On Thursday, a week after finding Holmes guilty of each of the 165 charges he faced, jurors agreed that prosecutors had proved the aggravating factors necessary for the death penalty.

Prosecutors are seeking a death sentence for Holmes, who was convicted of killing 12 people and wounding 70 others during a 2012 shooting spree inside an Aurora, Colo., movie theater showing “The Dark Knight Rises.” His attorneys, meanwhile, are trying to convince the jury that they should instead send him to prison without the possibility of parole.

While prosecutors in this case argue that Holmes carefully planned and carried out the shooting, his attorneys insisted that he was legally insane at the time of the shooting and have blamed mental illness.

In Colorado, first-degree murder can be punished with death or with life in prison without possibility of parole. The penalty phase, which began Wednesday, can have three segments before a sentence is handed down.

The first phase asks jurors to determine whether the prosecutors proved beyond a reasonable doubt that at least one aggravating factor is present in the case. Prosecutors presented aggravating factors including killing two or more people during a single crime and carrying out “an especially heinous, cruel or depraved” murder.

Jurors found four of the five aggravating factors on each of the 24 first-degree murder counts in the case (two for each of the victims), though they did not agree that prosecutors proved that Holmes intentionally killed a child younger than 12.  Had they not agreed unanimously on these factors, they would have had to sentence Holmes to life in prison without parole.

Instead, their decision Thursday allowed the case to proceed to the next phase, when Holmes’s attorneys will present mitigating factors, which are things that would argue for a life sentence.

“We are not going to ask you to forgive Mr. Holmes,” defense attorney Rebekka Higgs told jurors, according to the Associated Press. “We are going to ask you for your compassion and mercy.”

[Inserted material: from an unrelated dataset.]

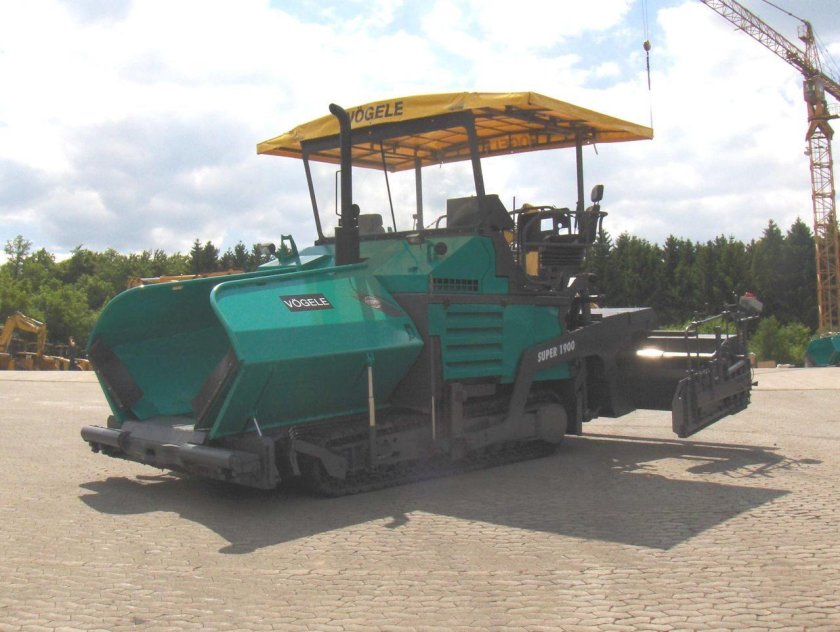 Vogele super 1900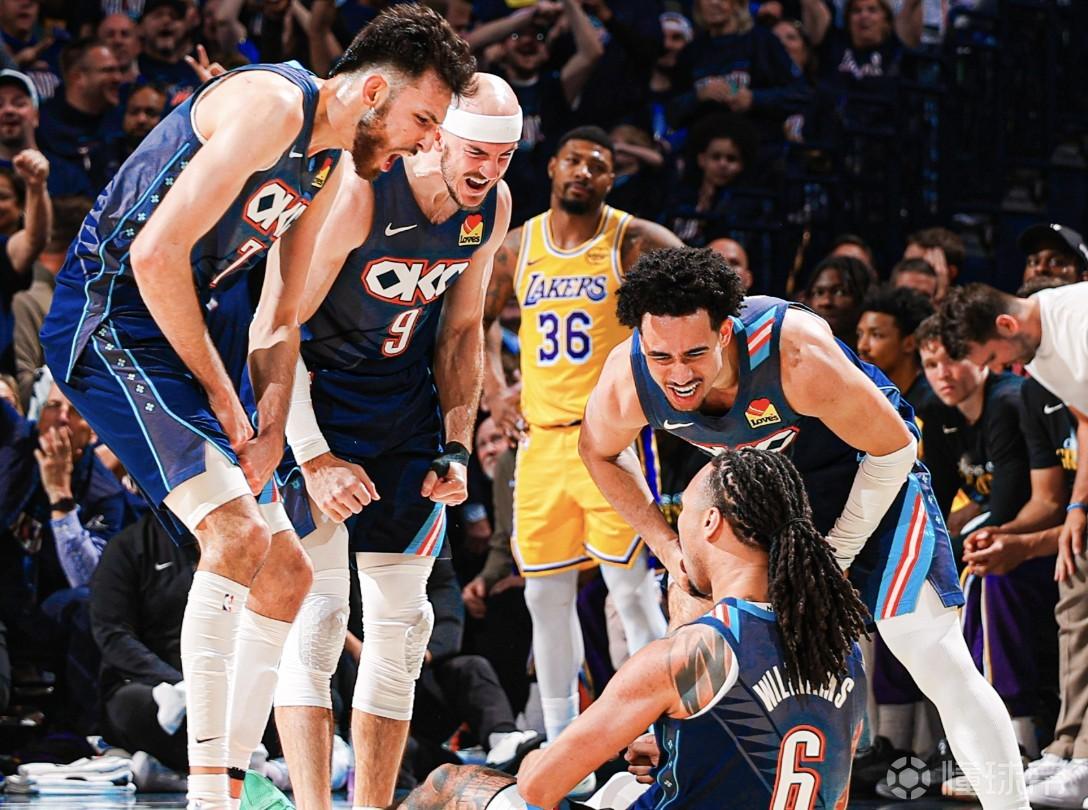 这下稳了？雷霆系列赛大比分2-0领先时，最终全部成功晋级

At the end of this phase, jurors will have to determine whether the mitigating factors outweigh the aggravating ones. If they think this is the case, Holmes is sentenced to life in prison. If they disagree, the trial moves on to the third phase, which allows both sides to present more information and make closing arguments. Only then would the jurors deliberate to determine whether Holmes deserves a death sentence on any of the first-degree murder charges.

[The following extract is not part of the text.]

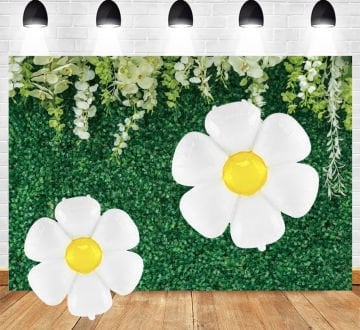 Papatya Folyo Balonu 2 Adet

If Holmes is sentenced to death, it would be unusual for the state. Death sentences are rare in Colorado, which has three inmates on death row and has carried out only one execution since 1976.

Before the trial began, Holmes’s parents pleaded for their son’s life, arguing that he should be imprisoned for the rest of his life rather than executed.

“We do not know how many victims of the theater shooting would like to see our son killed,” Robert and Arlene Holmes wrote in a letter published by the Denver Post. “But we are aware of people’s sentiments. We have read postings on the Internet that have likened him to a monster. He is not a monster. He is a human being gripped by a severe mental illness.”

Court officials say the entire penalty phase could last as long as a month.

Meanwhile, District Judge Carlos A. Samour Jr. released an order Wednesday sanctioning a media organization for its work during the trial. Samour banned Newsweek reporters from the courtroom for publishing a juror’s name.